Real money is involved, because if “significance” isn’t reached, Boston Scientific can’t sell their stents. But what the *WSJ* is quibbling, because there is no real-life difference between 0.049 and 0.051. P-values do not answer the only question of interest: does the stent work?

**The moral of the story**

No theory should be believed because a statistical model reached “significance” on a set of already-observed data. What makes a theory useful is that it can predict accurately *never-before-observed* data.

Statistics can be used for these predictions, but it almost never is.

I think predictions are avoided on the principle that when ignorance is bliss, tis folly to know that your theory can’t be published.

Incidentally, we statisticians have heard every version of “liars figure”, “dammed lies”, etc., so you’ll pardon me for not chuckling when in response you whip out your Disraeli.

**Update** If you thought this post was bad, you might try watching this video (I can think of at least two good reasons to): A Strange Tale About Probability.

Your right that there is little difference in 0.049 and 0.051 p-factors.

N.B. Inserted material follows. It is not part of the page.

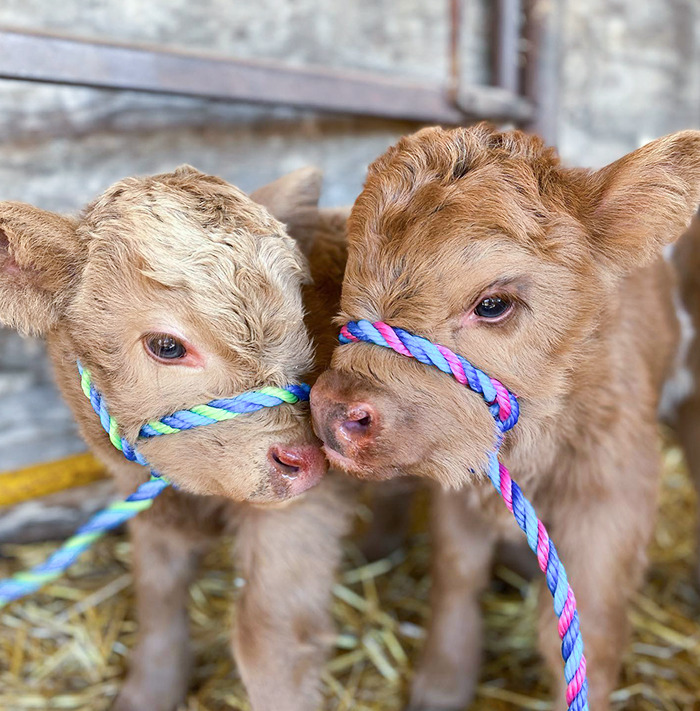 Two adorable baby calves with colorful ropes around their noses stand on hay, showcasing their cuteness.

They’re just a matter of judgment anyway so any value should suffice. In fact, I once came across a NIH study that used 0.2. Must be that Bayesian stuff — anything goes. You forgot to mention this as a last-straw technique.

I conducted many tests as a youngster and determined that jellied bread falls jelly side down a significant number of times (p-factor 0.5). In subsequent tests, this occurred at the same rate as predicted by my model so I know it’s not just an illusion. Pretty darn good, huh?

hmmm … one chance in a bouillon and a model with two modes? I presume ‘Latch’ is Paul’s stage name although he did look quite at home.

So now we see why you’ve been so “busy”, eh? All that surfin’ and formulae-ala-Twyla selection must have taken an enormous amount of time away from real work. You have our sympathies.

Neural networks and the closely related PCA method can be used to fit almost any dataset. Getting them to properly predict things is a “trick” much more difficult than the ones used by the researchers at CRU. I use MLP networks for classifiers and found that a full understanding of the statistics and also what is in the datasets is necessary to get good results. I’ve seen PhDs run away from the MLP because it was too tough to tame. I say not so if you are careful how you use it. I find it interesting that most of the text books I’ve read don’t go into some of the “tricks” I’m using, like they don’t care about real world accuracy and are more interested in the theory than practical aspects.